The data
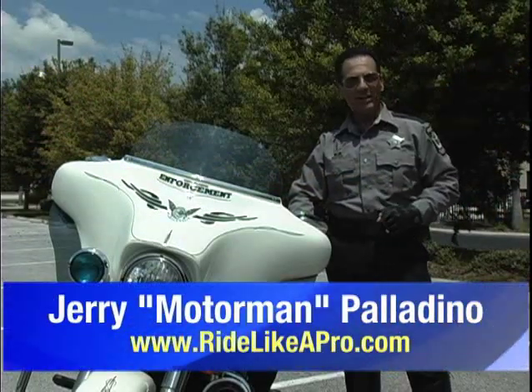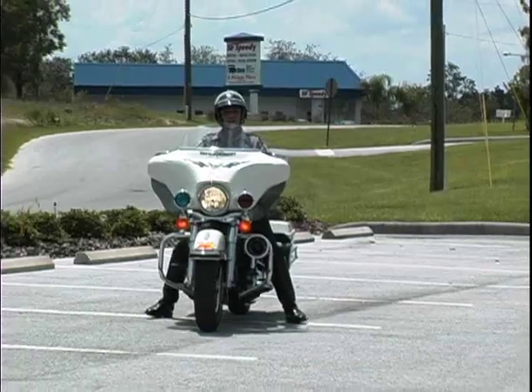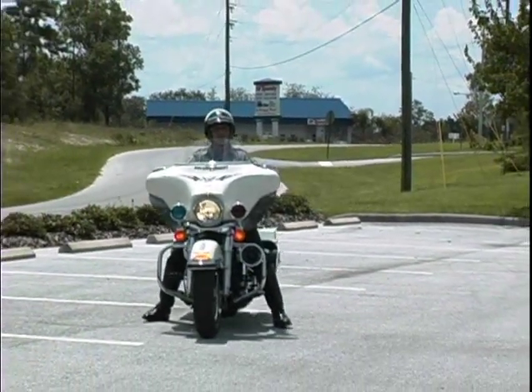Hey, this is Jerry Motor Man Palladino with my safe riding tip of the week. How many times have you seen riders doing this? Dragging their feet along the ground like a little child that just took the training wheels off their first two-wheeler.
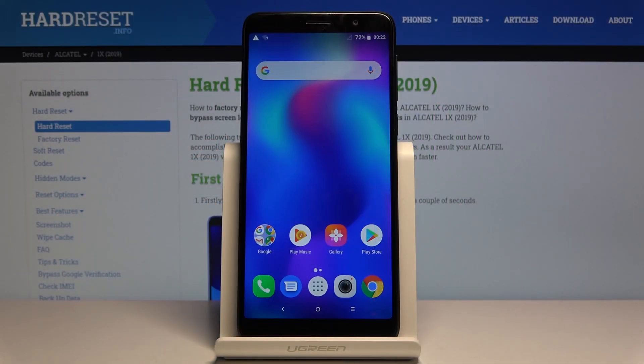Welcome. I have the Alcatel One X and today I will show you how to capture a screenshot on the device. To get started, open up the content that you wish to capture — I will use this home screen right here as an example.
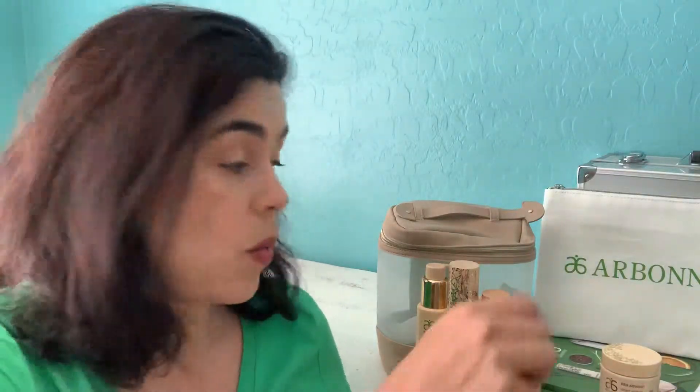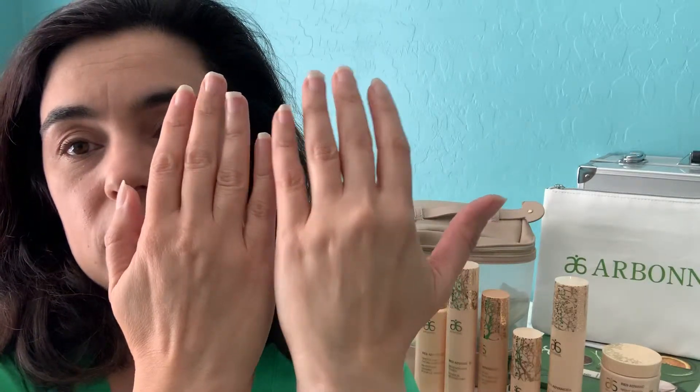Next would be day cream. Now I'm in Arizona, so I typically talk to people about the RE9 Advanced Extra Moisturizing Day Cream. For your face and neck, one whole pump will be plenty — just rub it in. You can actually see a slight difference between my two hands: this one is very moisturized compared to this one that feels much drier, even though I put hand cream on. This does an amazing job of moisturizing your skin.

Work task
Reproduce the data above exactly, leaving each picture out.

Answer to the exercise
Hey, this is Jerry Motor Man Palladino with my safe riding tip of the week. How many times have you seen riders doing this? Dragging their feet along the ground like a little child that just took the training wheels off their first two-wheeler.
Welcome. I have the Alcatel One X and today I will show you how to capture a screenshot on the device. To get started, open up the content that you wish to capture — I will use this home screen right here as an example.
Next would be day cream. Now I'm in Arizona, so I typically talk to people about the RE9 Advanced Extra Moisturizing Day Cream. For your face and neck, one whole pump will be plenty — just rub it in. You can actually see a slight difference between my two hands: this one is very moisturized compared to this one that feels much drier, even though I put hand cream on. This does an amazing job of moisturizing your skin.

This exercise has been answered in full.